Говоря о метаисторическом методе познания, я незаметно перешел к трансфизическому: странствия и встречи, рассказанные мною, отчасти относятся уже к областям трансфизического познания. Ведь я говорил уже, что далеко не всегда можно четко классифицировать эти явления; этого не нужно было бы вовсе, если бы не хотелось внести некоторую ясность в сложный и малоисследованный ряд проблем.

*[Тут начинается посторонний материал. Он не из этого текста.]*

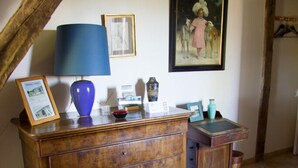 A rustic room with a wooden dresser, a blue lamp, a framed picture, and a painting on the wall. - Welcome to our house, we are happy to open its doors to you! (Calignac)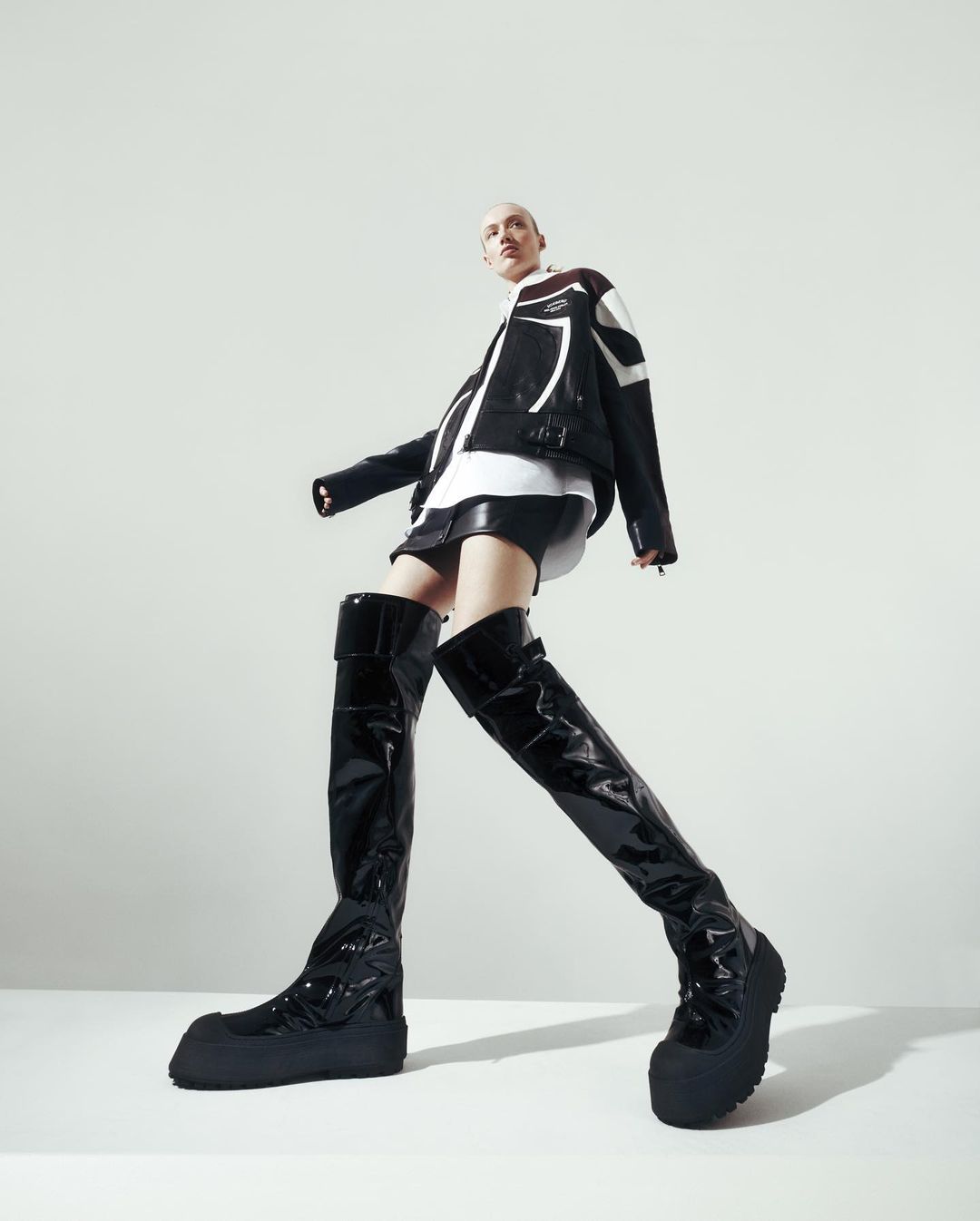A person with shaved head wearing a black and white jacket, black shorts, and shiny black thigh-high boots standing against a plain white background.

Может быть, некоторые выскажут удивление: почему вместо общепонятного слова «духовный» я так часто употребляю термин «трансфизический». Но слово «духовный» в его строгом смысле закономерно относить только к Богу и к монадам. Термин же «трансфизический» применяется ко всему, что обладает материальностью, но иной, чем наша, ко всем мирам, существующим в пространствах с другим числом координат и в других потоках времени. Под трансфизикой (в смысле объекта познания) я понимаю всю совокупность таких миров вне зависимости от процессов, там протекающих. Такие процессы, связанные со становлением Шаданакара, составляют метаисторию; связанные со становлением Вселенной – метаэволюцию; познание метаэволюции есть познание вселенское. Слово же «трансфизика» в смысле религиозного учения означает учение о структуре Шаданакара. Объекты метаисторического познания связаны с историей и культурой, трансфизического – с природой нашего слоя и других слоев Шаданакара, а вселенского – со Вселенной. Таким образом, те явления, которые я назвал трансфизическими странствиями и встречами, могут быть, в зависимости от своего содержания, отнесены либо к метаисторическому роду познания, либо к трансфизическому, либо ко вселенскому.
После этой небольшой оговорки ничто уже не препятствует перейти к рассмотрению двух остальных родов религиозного познания, – но, разумеется, только в тех их вариантах, которые знакомы лично мне.
Глава 2
Немного о трансфизическом методе
Казалось бы, отношение людей к природе бесконечно разнообразно, индивидуально, а иногда и внутренне антиномично. Но если проследить эволюцию этого отношения во всеобщей истории культуры от изобретения письменности до наших дней, можно обнаружить несколько типов его, лучше сказать – фаз. Я позволю себе здесь весьма упрощенно, в самых общих чертах, наметить три-четыре очень важные фазы так, как они мне представляются. Это не подлинная картина того, как эго отношение изменялось в культурах и веках, а лишь несколько грубых мазков, назначение которых скорее в том, чтобы ввести читателя внутрь проблемы, нежели в создании у него исторической перспективы по этому вопросу.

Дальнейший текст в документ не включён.